● AVAILABLE DATA
=====

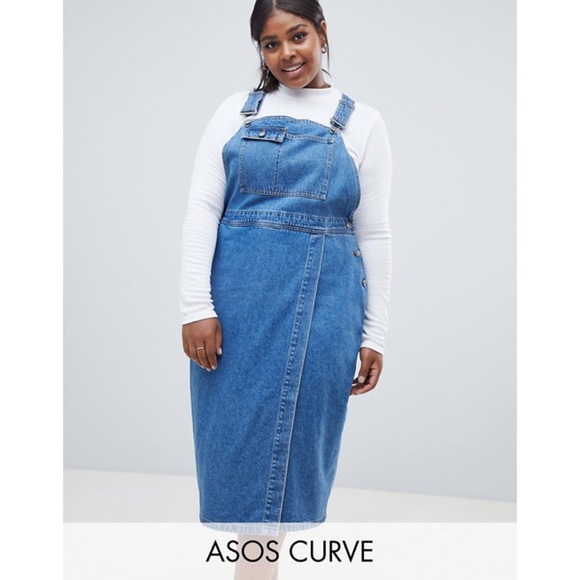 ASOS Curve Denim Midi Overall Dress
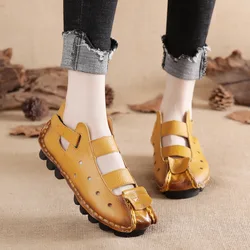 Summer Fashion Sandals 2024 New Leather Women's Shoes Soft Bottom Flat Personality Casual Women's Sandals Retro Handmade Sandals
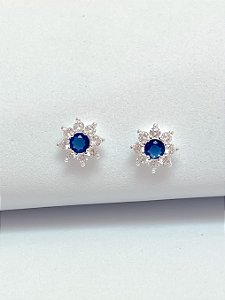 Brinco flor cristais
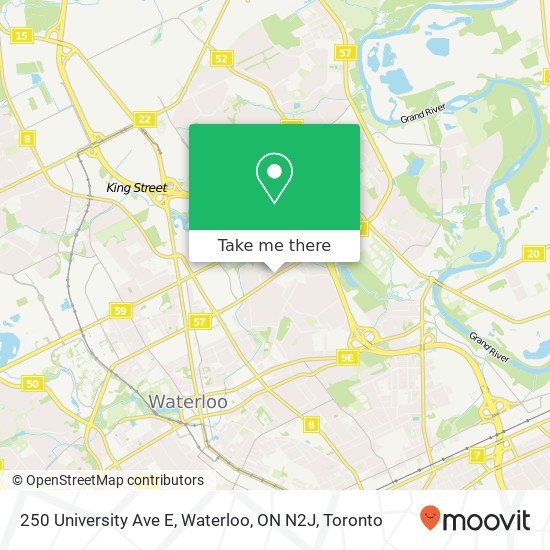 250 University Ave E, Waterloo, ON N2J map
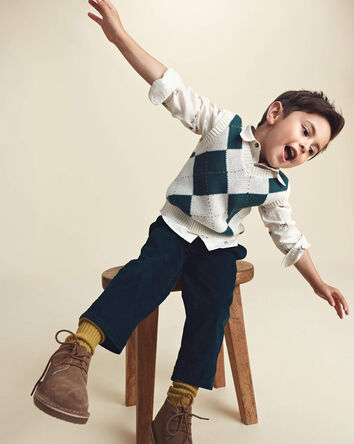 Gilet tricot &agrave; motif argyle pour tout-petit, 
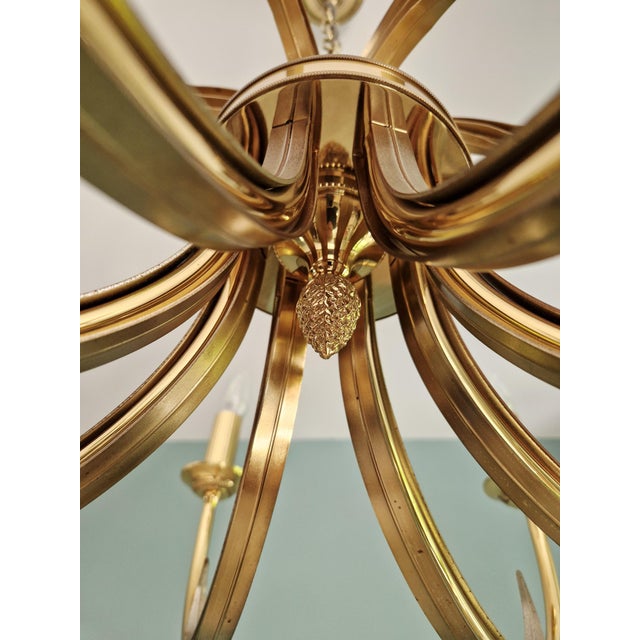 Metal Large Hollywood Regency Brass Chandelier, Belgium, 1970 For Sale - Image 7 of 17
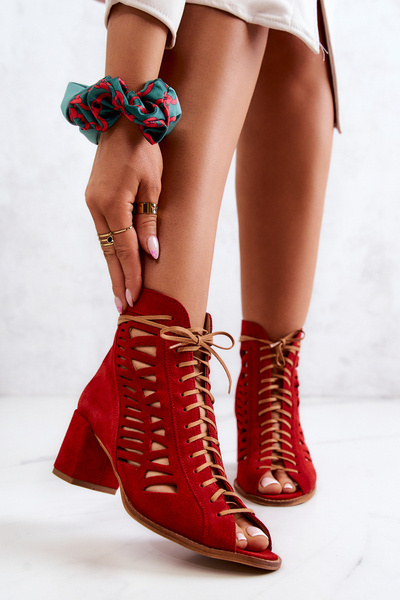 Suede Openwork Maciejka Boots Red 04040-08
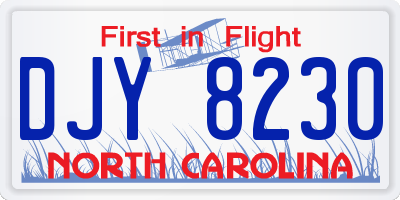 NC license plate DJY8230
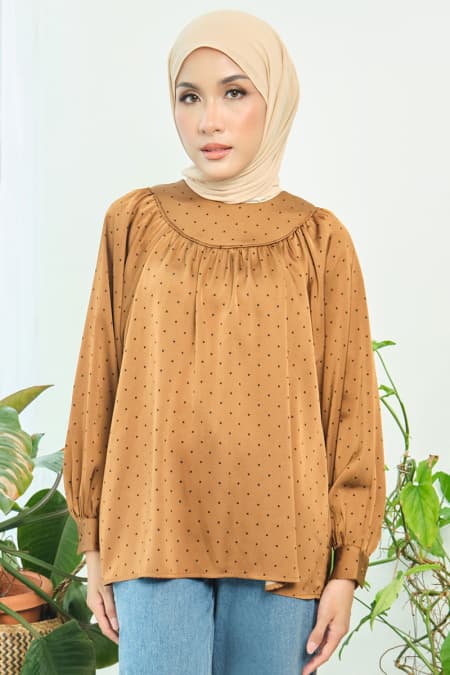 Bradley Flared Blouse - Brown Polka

=====

Give the records again exactly, minus the pictures.

 ASOS Curve Denim Midi Overall Dress
 Summer Fashion Sandals 2024 New Leather Women's Shoes Soft Bottom Flat Personality Casual Women's Sandals Retro Handmade Sandals
 Brinco flor cristais
 250 University Ave E, Waterloo, ON N2J map
 Gilet tricot &agrave; motif argyle pour tout-petit, 
 Metal Large Hollywood Regency Brass Chandelier, Belgium, 1970 For Sale - Image 7 of 17
 Suede Openwork Maciejka Boots Red 04040-08
 NC license plate DJY8230
 Bradley Flared Blouse - Brown Polka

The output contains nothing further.